UCLA And The Burden Of Race Consciousness

All my sickness will be over,
When I lay my burden down… 

All my troubles will be over,
When I lay my burden down…

Lord, I’m feeling so much better,
Since I laid my burden down.

(From the American spiritual, Lay My Burden Down)

According to two recent video testimonials reported by Inside Higher Ed, UCLA is a terrible place to be a black student. Last November a group of black male undergraduates complained that “black males make up 3.3 percent” of entering male students and charged that UCLA’s “fraudulent reputation” for diversity “needs to be exposed.” The video ends with a some students “stripping off their UCLA sweatshirts, and standing in black T-shirts instead,” as though UCLA itself were the burden they were laying down.

“Now,” Inside Higher Ed reports, “black UCLA law students have followed with a video [available at the link] called ‘33,’ referring to their number among 1,100 law students. In the video, students describe feeling isolated, stereotyped and unwelcome.” Both videos received extensive online coverage.

It is clear from both videos that black undergraduates and law students at UCLA (at least those associated with the videos) feel their blackness is a burden, most evident in the frequent laments about the “pressure” of feeling that they are — or at least are widely regarded as — the  representatives of their race. What is not at all clear is what they want.

“We are not asking for a handout,” Sy Stokes, the UCLA junior who created “The Black Bruins,” claims in the undergraduate video. “We are asking for a level playing field.” “Level” is never defined, but the pervasive emphasis on numbers in both videos indicates that the students believe that the way to level UCLA is to admit more blacks — for Stokes, more black males and for several of the black women law students, more black women.

Blacks were 3.8% of the freshmen who entered UCLA last fall, and the 33 black law students are 3.3% of the roughly 1100 UCLA law students. According to the latest census data, blacks are 6.6% of the population of California. Thus, by whatever calculus “underrepresented” and “level” are determined, whites are left holding a considerably shorter end of the stick than blacks: they are 73.7% of the population of California but only 27.8%of UCLA undergraduates.

Since the passage of Prop. 209 in 1996 it has been illegal for public institutions in California to give preferences based on race or ethnicity. Since UCLA adopted “holistic” admissions criteria in 2006 it has been difficult if not impossible to avoid the conclusion, amply documented by UCLA law professor Richard Sander in a 2012 study, that “holistic” admissions  has “provided a cover for illegal discrimination by UCLA’s admissions office.” An an article in the Daily Bruin on Prof. Sander’s findings, for example, includes a graph based on his research showing that from 2007 to 2009 blacks and Hispanics with “mid-range holistic scores” were over three times more likely to be admitted than whites with similar scores. Blacks, as Sander concluded in his paper, “were dramatically more likely than whites or Asians with a given holistic score to be admitted.”
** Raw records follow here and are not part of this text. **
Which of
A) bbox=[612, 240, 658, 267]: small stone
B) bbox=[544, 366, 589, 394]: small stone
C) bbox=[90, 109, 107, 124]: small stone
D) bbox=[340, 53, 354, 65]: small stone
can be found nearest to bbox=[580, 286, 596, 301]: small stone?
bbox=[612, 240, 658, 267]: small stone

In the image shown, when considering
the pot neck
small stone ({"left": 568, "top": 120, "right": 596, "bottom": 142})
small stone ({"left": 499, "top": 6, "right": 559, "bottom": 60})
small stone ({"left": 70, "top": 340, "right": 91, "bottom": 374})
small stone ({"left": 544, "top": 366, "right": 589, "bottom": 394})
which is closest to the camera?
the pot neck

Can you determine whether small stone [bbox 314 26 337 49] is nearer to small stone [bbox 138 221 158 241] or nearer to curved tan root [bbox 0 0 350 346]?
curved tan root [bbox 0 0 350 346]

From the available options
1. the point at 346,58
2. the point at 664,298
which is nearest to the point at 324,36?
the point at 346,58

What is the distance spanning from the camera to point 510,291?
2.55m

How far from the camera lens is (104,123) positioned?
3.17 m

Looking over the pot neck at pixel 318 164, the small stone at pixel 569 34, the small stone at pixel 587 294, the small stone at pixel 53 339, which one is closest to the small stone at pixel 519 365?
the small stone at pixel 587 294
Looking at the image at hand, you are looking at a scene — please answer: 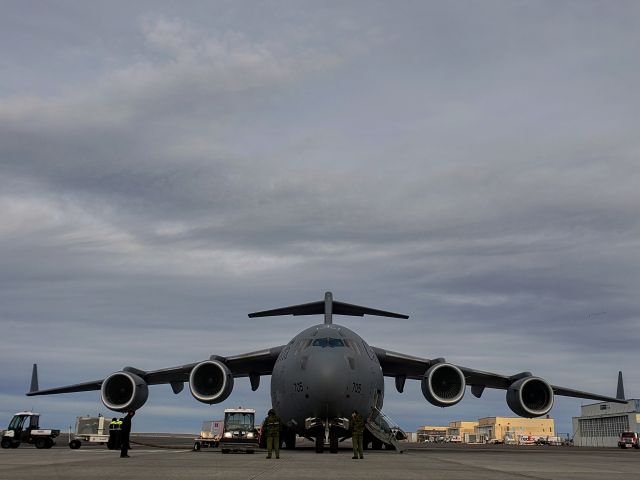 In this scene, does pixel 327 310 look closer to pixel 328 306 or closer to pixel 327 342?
pixel 328 306

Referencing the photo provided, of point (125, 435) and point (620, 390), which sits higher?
point (620, 390)

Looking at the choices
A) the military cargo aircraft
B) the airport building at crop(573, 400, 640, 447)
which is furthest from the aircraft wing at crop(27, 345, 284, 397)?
the airport building at crop(573, 400, 640, 447)

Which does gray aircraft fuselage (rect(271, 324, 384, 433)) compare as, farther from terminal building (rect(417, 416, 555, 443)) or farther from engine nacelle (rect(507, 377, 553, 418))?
terminal building (rect(417, 416, 555, 443))

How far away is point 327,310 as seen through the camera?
31.6 meters

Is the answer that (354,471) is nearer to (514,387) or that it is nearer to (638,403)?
(514,387)

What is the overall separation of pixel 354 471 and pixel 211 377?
15.3m

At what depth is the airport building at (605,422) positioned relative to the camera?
84.8m

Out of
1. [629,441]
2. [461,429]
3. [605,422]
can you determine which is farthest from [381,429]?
[461,429]

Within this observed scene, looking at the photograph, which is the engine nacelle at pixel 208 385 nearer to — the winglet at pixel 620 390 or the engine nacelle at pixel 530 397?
the engine nacelle at pixel 530 397

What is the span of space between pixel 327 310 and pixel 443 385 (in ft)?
19.2

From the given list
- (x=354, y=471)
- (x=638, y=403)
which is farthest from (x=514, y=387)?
(x=638, y=403)

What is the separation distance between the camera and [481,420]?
5630 inches

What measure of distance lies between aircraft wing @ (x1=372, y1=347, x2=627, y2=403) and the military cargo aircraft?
0.04 m

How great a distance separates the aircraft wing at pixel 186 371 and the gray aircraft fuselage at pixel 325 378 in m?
4.62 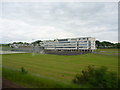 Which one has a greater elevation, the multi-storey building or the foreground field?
the multi-storey building

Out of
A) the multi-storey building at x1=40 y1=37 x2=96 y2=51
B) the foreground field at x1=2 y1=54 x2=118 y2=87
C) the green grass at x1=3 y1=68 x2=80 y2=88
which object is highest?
the multi-storey building at x1=40 y1=37 x2=96 y2=51

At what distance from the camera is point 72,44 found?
255 ft

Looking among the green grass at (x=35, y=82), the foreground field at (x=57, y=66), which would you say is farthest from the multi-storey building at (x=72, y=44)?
the green grass at (x=35, y=82)

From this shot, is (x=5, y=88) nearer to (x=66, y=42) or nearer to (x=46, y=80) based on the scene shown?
(x=46, y=80)

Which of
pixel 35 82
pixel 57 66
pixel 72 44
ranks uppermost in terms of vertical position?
pixel 72 44

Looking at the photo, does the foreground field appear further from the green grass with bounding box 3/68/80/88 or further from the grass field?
the green grass with bounding box 3/68/80/88

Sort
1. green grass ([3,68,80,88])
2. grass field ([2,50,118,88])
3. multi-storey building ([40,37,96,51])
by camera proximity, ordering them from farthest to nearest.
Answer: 1. multi-storey building ([40,37,96,51])
2. grass field ([2,50,118,88])
3. green grass ([3,68,80,88])

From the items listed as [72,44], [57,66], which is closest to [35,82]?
[57,66]

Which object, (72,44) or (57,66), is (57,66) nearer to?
(57,66)

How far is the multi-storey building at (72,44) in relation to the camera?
7019 cm

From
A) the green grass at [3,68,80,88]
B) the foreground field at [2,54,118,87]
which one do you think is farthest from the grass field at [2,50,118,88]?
the green grass at [3,68,80,88]

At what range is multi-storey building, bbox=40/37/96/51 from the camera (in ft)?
230

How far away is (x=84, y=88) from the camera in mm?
6723

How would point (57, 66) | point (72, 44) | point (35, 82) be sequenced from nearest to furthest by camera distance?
point (35, 82)
point (57, 66)
point (72, 44) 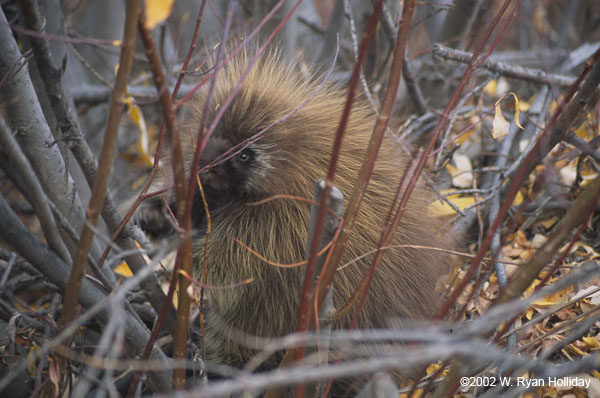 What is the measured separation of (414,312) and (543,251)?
747 mm

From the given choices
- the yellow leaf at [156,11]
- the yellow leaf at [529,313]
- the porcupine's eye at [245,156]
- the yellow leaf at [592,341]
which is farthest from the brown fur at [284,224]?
the yellow leaf at [156,11]

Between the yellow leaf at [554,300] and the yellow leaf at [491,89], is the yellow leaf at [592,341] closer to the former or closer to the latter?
the yellow leaf at [554,300]

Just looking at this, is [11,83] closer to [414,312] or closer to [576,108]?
[414,312]

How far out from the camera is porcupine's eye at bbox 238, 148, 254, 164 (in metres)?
1.78

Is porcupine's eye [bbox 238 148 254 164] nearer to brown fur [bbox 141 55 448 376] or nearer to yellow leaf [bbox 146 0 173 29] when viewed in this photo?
brown fur [bbox 141 55 448 376]

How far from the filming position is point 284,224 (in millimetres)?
1765

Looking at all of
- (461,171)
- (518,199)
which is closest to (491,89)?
(461,171)

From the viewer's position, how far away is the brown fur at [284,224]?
5.49ft

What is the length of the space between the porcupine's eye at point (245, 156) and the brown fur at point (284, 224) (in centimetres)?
2

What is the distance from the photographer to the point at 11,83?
1229 millimetres

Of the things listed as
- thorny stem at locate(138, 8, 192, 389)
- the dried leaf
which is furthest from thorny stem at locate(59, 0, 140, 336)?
the dried leaf

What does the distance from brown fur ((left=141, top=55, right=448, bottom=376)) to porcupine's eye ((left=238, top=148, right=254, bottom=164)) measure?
0.02 meters

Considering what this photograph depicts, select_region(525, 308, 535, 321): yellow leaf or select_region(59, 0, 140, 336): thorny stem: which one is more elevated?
select_region(59, 0, 140, 336): thorny stem

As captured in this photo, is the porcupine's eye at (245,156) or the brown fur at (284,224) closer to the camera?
the brown fur at (284,224) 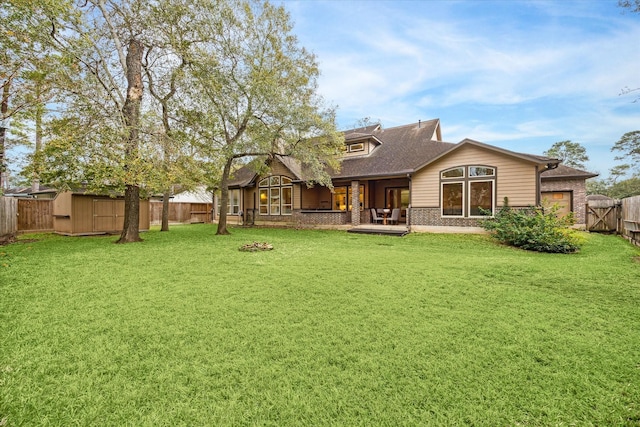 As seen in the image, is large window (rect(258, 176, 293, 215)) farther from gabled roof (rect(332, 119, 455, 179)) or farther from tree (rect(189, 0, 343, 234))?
tree (rect(189, 0, 343, 234))

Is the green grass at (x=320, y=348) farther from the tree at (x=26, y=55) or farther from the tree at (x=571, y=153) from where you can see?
the tree at (x=571, y=153)

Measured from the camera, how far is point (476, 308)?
3.85m

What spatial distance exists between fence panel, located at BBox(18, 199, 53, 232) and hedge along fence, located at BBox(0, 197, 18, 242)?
442 centimetres

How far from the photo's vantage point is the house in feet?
36.6

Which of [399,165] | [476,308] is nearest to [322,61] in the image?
[399,165]

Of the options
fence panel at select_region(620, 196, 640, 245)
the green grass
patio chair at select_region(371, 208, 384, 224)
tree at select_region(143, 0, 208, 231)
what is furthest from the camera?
patio chair at select_region(371, 208, 384, 224)

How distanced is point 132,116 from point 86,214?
668 centimetres

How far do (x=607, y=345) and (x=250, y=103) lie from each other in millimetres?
12438

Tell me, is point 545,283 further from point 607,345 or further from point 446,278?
point 607,345

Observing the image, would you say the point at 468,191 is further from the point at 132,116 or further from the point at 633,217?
the point at 132,116

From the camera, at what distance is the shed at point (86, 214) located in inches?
494

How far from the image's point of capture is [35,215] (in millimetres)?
13859

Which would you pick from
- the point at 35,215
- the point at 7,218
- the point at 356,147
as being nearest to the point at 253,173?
the point at 356,147

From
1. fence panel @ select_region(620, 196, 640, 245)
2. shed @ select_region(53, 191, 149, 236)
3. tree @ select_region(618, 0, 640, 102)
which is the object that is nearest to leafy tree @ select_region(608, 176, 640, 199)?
fence panel @ select_region(620, 196, 640, 245) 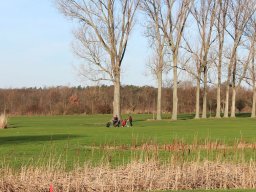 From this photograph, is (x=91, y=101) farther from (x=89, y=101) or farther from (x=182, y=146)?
(x=182, y=146)

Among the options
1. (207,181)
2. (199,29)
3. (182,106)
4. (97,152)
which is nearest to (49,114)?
(182,106)

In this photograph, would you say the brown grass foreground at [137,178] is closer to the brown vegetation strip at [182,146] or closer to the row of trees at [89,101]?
the brown vegetation strip at [182,146]

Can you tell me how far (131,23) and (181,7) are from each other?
787 cm

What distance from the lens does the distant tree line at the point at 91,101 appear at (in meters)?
94.4

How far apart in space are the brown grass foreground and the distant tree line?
3032 inches

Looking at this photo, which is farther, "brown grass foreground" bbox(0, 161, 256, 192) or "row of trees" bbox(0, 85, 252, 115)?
"row of trees" bbox(0, 85, 252, 115)

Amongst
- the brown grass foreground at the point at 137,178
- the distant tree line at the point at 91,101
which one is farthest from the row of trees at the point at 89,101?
the brown grass foreground at the point at 137,178

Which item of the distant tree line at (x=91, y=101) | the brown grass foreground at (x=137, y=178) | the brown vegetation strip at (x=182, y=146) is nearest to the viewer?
the brown grass foreground at (x=137, y=178)

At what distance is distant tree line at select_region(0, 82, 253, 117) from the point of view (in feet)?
310

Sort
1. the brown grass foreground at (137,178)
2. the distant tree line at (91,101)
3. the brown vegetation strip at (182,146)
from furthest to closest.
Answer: the distant tree line at (91,101)
the brown vegetation strip at (182,146)
the brown grass foreground at (137,178)

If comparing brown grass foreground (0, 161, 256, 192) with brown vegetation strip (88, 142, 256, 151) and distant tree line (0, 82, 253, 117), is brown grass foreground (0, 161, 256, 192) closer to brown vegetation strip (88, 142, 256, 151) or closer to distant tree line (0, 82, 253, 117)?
brown vegetation strip (88, 142, 256, 151)

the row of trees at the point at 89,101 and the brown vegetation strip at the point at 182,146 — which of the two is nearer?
the brown vegetation strip at the point at 182,146

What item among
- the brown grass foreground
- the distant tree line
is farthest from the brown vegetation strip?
the distant tree line

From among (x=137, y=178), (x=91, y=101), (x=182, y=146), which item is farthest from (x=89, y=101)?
(x=137, y=178) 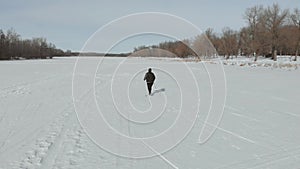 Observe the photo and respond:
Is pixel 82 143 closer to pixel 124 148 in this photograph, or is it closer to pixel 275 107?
pixel 124 148

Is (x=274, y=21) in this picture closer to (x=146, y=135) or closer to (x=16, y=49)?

In the videos both UCLA undergraduates and law students felt burdened by their role as race representatives, felt “unwelcome,” and complained of being stereotyped. “Diversity,” however, is based upon the toxic, racialist notion that individuals are different based on their race and ethnicity and that it is important for others to be exposed to those differences embodied by the “underrepresented.” Viewing minorities as representatives of their race is thus an inevitable effect of emphasizing “diversity,” as is a certain amount of resentment when it is accompanied by the fact or even reasonable suspicion that minorities are given preferential treatment.

Since the emphasis on racial and ethnic “diversity” itself is the problem, more of it is not the solution.